### DIRECTIONS FOR THIS TASK
The following data needs to be repeated exactly, with all images excluded.

"""

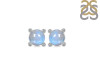 Moonstone Stud Earring RBM-RDE-1258.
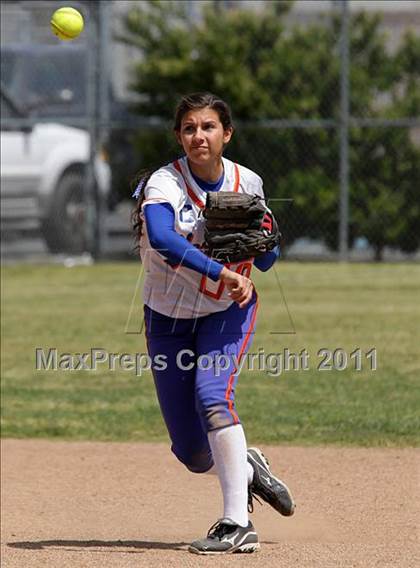 Thumbnail 3 in Westlake vs. Santa Clara (Valley Classic) photogallery.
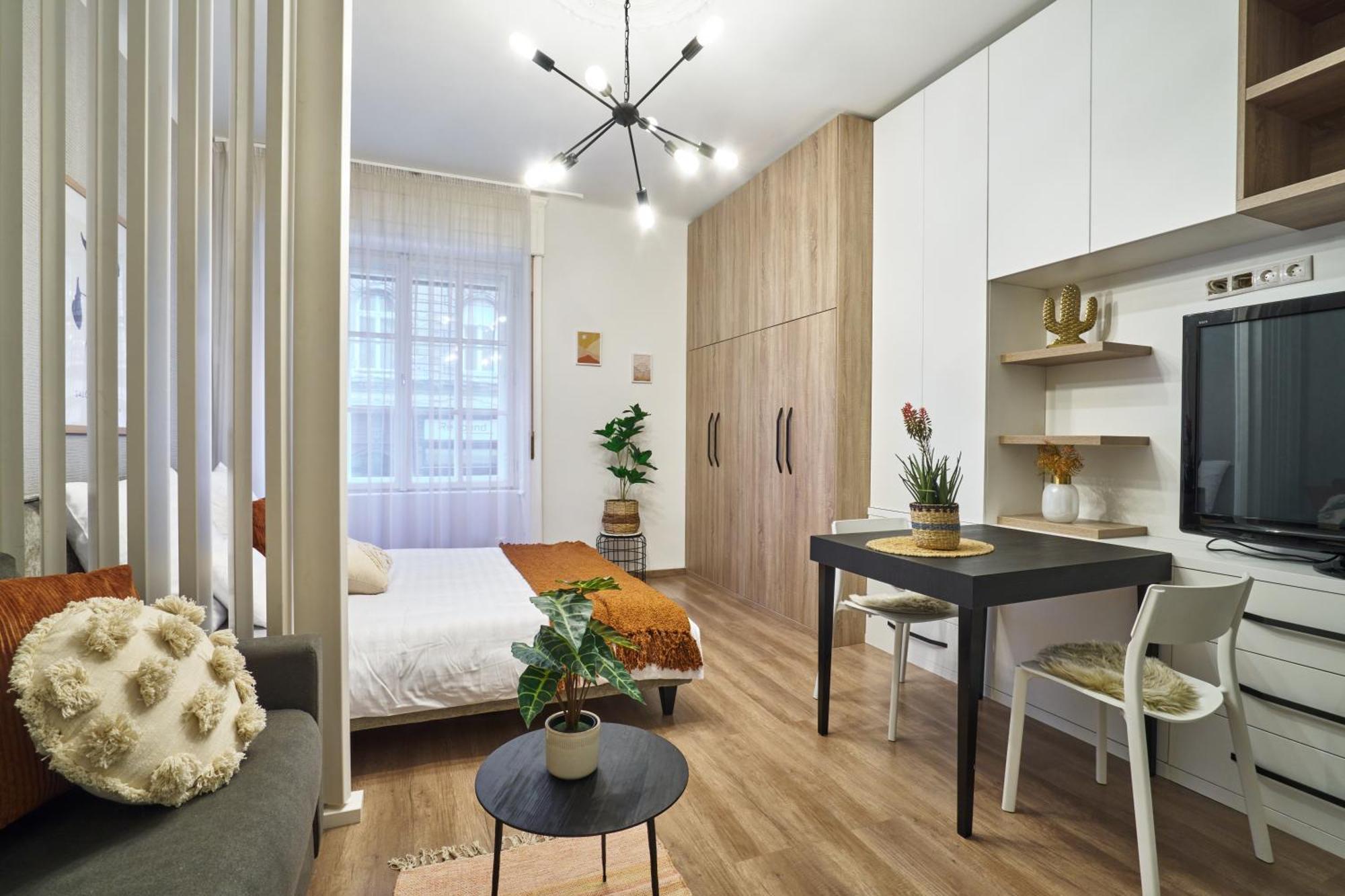 Apartment Kertesz Magic Vibe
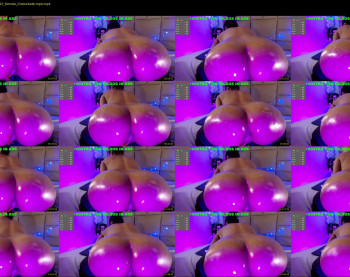 mollyguns — 19 minute Chaturbate female cam show recording, 720p, Apr 9, 2021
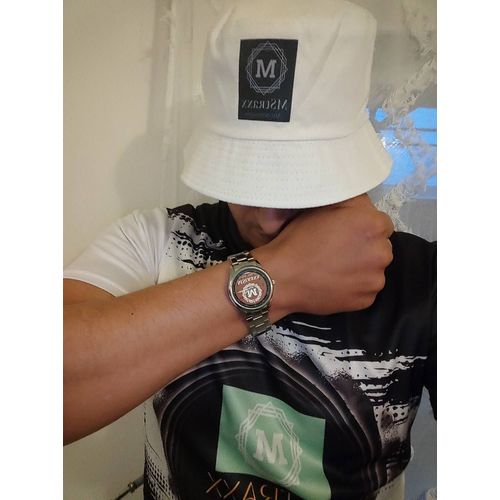 Montre Mstraxx Authentiques Collection Classique 2025 Homme Acier Inoxydable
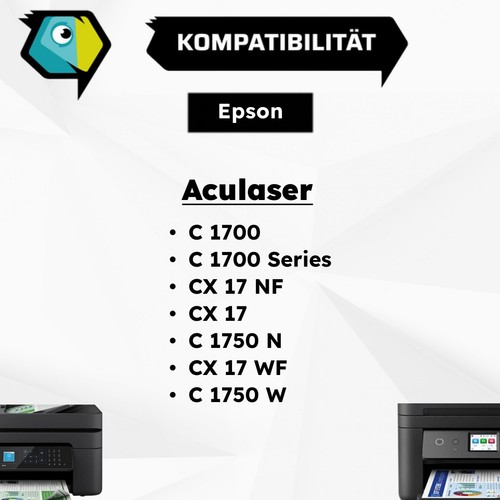 Toner kompatibel epson - kompatibel,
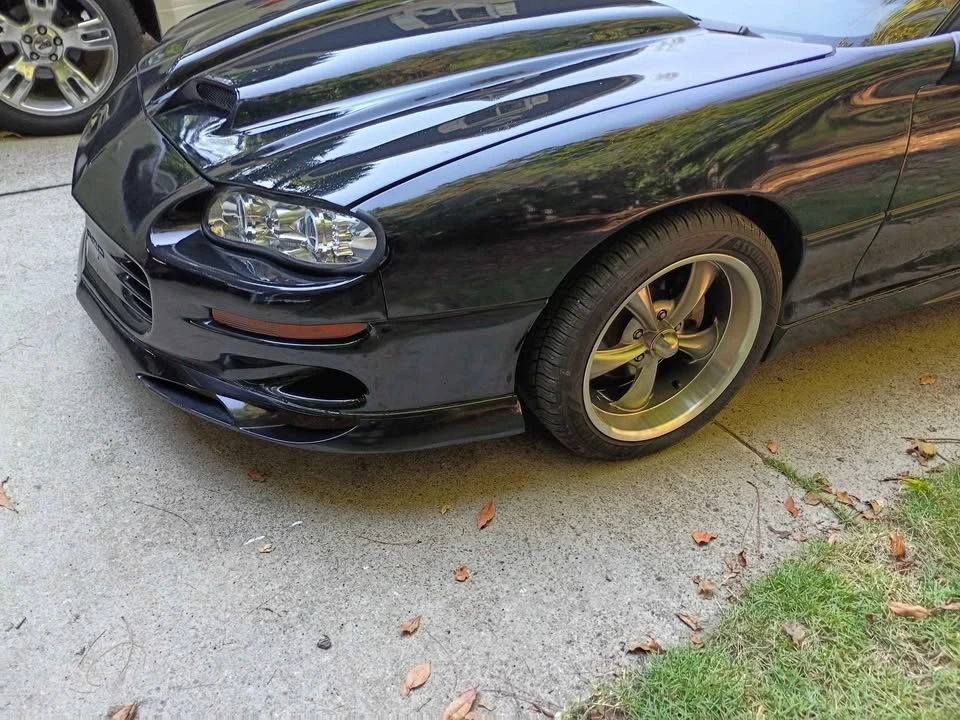 2000 Chevrolet Camaro 4th Gen - Image 5 of 9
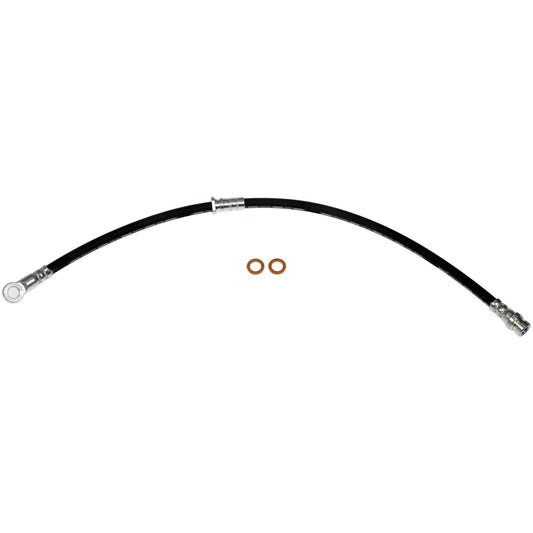 H620297 Rear, Driver Side First Stop Series Brake Line, EPDM Rubber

"""

### YOUR RESPONSE
 Moonstone Stud Earring RBM-RDE-1258.
 Thumbnail 3 in Westlake vs. Santa Clara (Valley Classic) photogallery.
 Apartment Kertesz Magic Vibe
 mollyguns — 19 minute Chaturbate female cam show recording, 720p, Apr 9, 2021
 Montre Mstraxx Authentiques Collection Classique 2025 Homme Acier Inoxydable
 Toner kompatibel epson - kompatibel,
 2000 Chevrolet Camaro 4th Gen - Image 5 of 9
 H620297 Rear, Driver Side First Stop Series Brake Line, EPDM Rubber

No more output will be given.